Le groupe s'estime relativement couvert contre les effets de changes, du fait de la corrélation entre les lieux de production et d'écoulement de ses produits.

Le franc fort risque néanmoins de peser sur la performance. Geberit devise le manque à gagner d'un renchérissement de 10% du franc à 8 à 10% sur les ventes et de 9 à 11% sur l'excédent d'exploitation (EBIT). La marge EBIT en serait ainsi réduite de 50 points de base.

La direction annonce par ailleurs la reprise du programme de rachat d'actions devisé à 533 mio CHF, interrompu en juillet dernier après l'annonce de reprise de Sanitec pour près de 1,3 mrd CHF. Geberit disposait de 99,77% du capital de cette société début mars. La procédure d'annulation des titres encore en circulation suit son cours.

Pour l'année en cours, la direction met l'accent sur l'optimisation des processus d'affaires ainsi que sur l'intégration de Sanitec. Si elle se veut résolument optimiste, elle prévient qu'une amélioration de l'excellente performance de 2014 représente un défi certain.

SANITEC CARRELÉ DE BONNES INTENTIONS

La reprise du groupe scandinave se traduit par un étoffement de la palette de produits, avec l'introduction d'une gamme "céramique et produits associés". Sur les douze mois que comptent l'année, onze devraient profiter de la contribution du céramiste finlandais.

Des frais non-récurrents liés à cette transaction, pour quelque 15 mio CHF, seront comptabilisés sur le premier semestre. Les frais d'intégration devraient tourner autour de 45 mio EUR, soit un montant comparable aux synergies attendues, dont les premières devraient déployer leurs effets dès 2016.

Vontobel évoque un dernier trimestre reluisant sur le front des marges.
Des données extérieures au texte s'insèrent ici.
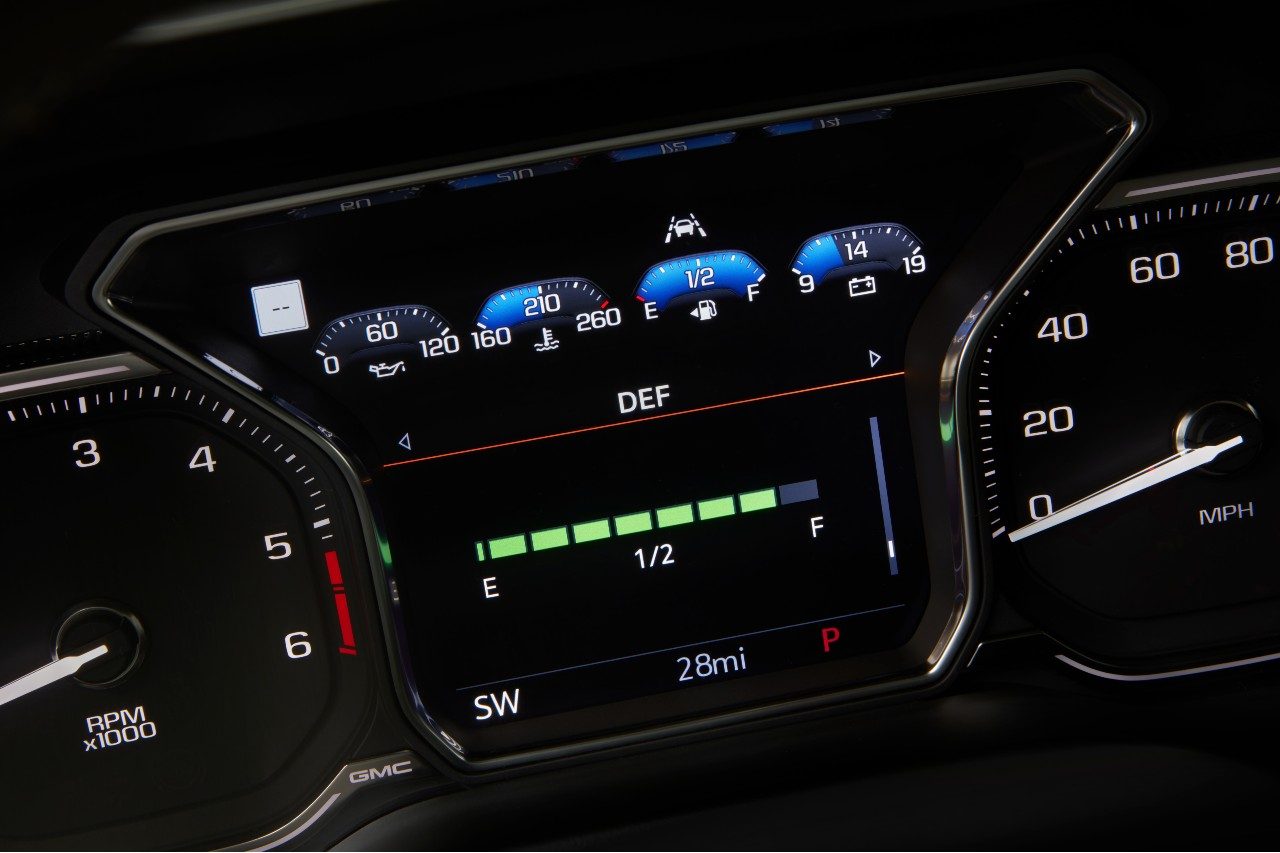 2021 Yukon Denali Diesel Duramax Cluster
Les ristournes accordées aux clients helvétiques et l'acquisition de Sanitec pourraient indiquer que le titre a atteint un plafond. La banque zurichoise place l'objectif de cours de 280 CHF en révision positive.

Baader Helvea rappelle que l'entreprise a une nouvelle fois réalisé une performance supérieure aux attentes. La rémunération proposées aux actionnaires s'avère plus attrayante encore que pronostiqué. La banque allemande espère de plus amples détails sur l'intégration de Sanitec. La recommandation "hold" est maintenue, tout comme l'objectif de cours de 310 CHF.
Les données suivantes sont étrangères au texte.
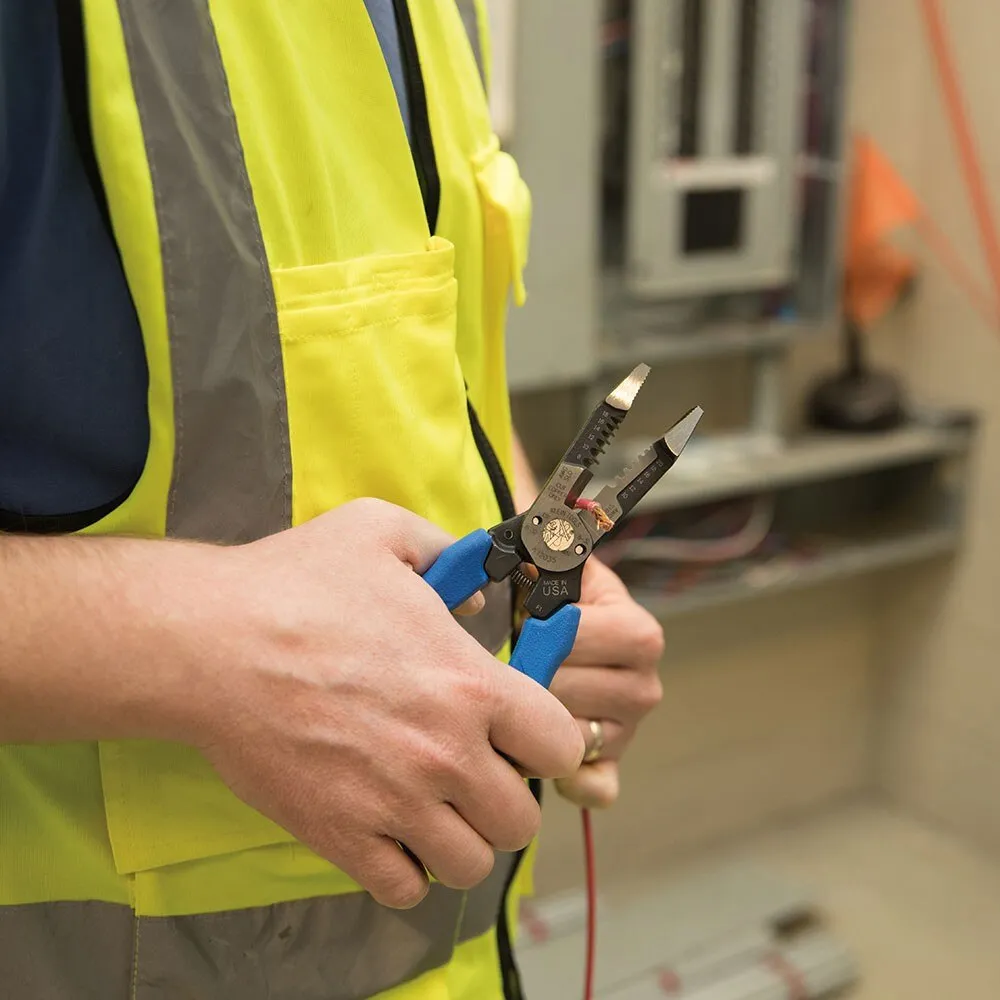 Klein K12035 Klein-Kurve® Heavy-Duty Wire Stripper 8-20 AWG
J. Safra Sarasin salue la progression de la rentabilité. Si la direction considère comme un défi de dépasser en 2015 la performance 2014, elle ne l'exclut pas non plus. L'établissement préfère néanmoins rester neutre sur le titre.
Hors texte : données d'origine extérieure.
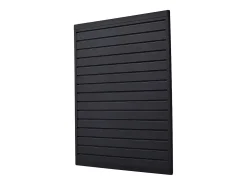Painel Mural de Lamas SucceBuy, 122 x 122 cm, Lamas de Garagem em PVC Preto, Design Modular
UBS se montre plus critique, estimant la copie présentée "dans le cadre des attentes". La grande banque espérait une rémunération des actionnaires plus généreuse. La recommandation "neutral" est reconduite, à l'instar de l'objectif de cours de 300 CHF.

A l'approche de la mi-journée, la nominative Geberit engrangeait 2,8% à 351,7 CHF. Le SMI grappillait simultanément 0,09%.